Let $U = \{s_1, s_2, s_\cdots, s_n\}$ be the universal set and $A = \{a_1, a_2, a_3,\cdots, a_m\}$ is the set under consideration.
Now, I am proving $\forall_{x \in \{\}} p(x) = T$ as follows
$$\forall_{x \in A} p(x) = \forall_{x \in u} (x \in A \implies p(x)) $$ $$= (s_1 \in A \implies p(s_1)) \land (s_2 \in A \implies p(s_2)) \land \cdots (s_n \in A \implies p(s_n))$$
Hence if $A = \{\}$, then premise in every conditional statement becomes false and the result will be true.

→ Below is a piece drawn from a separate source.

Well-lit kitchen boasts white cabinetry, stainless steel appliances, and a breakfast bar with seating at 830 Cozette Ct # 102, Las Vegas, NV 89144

But it is not working to prove $\exists_{x \in \{\}} p(x) = T$;
How to prove it?
This won't work because $\exists x\in\{\},p(x)$ is false.
Like Mauro says in the first comment, $ \exists x\in\{\},p(x) $ is syntactic sugar for $\exists x , (x\in\{\} \wedge p(x))$. But $x\in\{\}$ can never be true, so $x\in\{\} \wedge p(x)$ is never true, so $\exists x , (x\in\{\} \wedge p(x))$ is false.
You seem hung up on expanding quantification to the individual elements of a set. That's not necessary, and seems to limit you logically to a finite universal set. But these statements are true irrespective of the cardinality of $U$.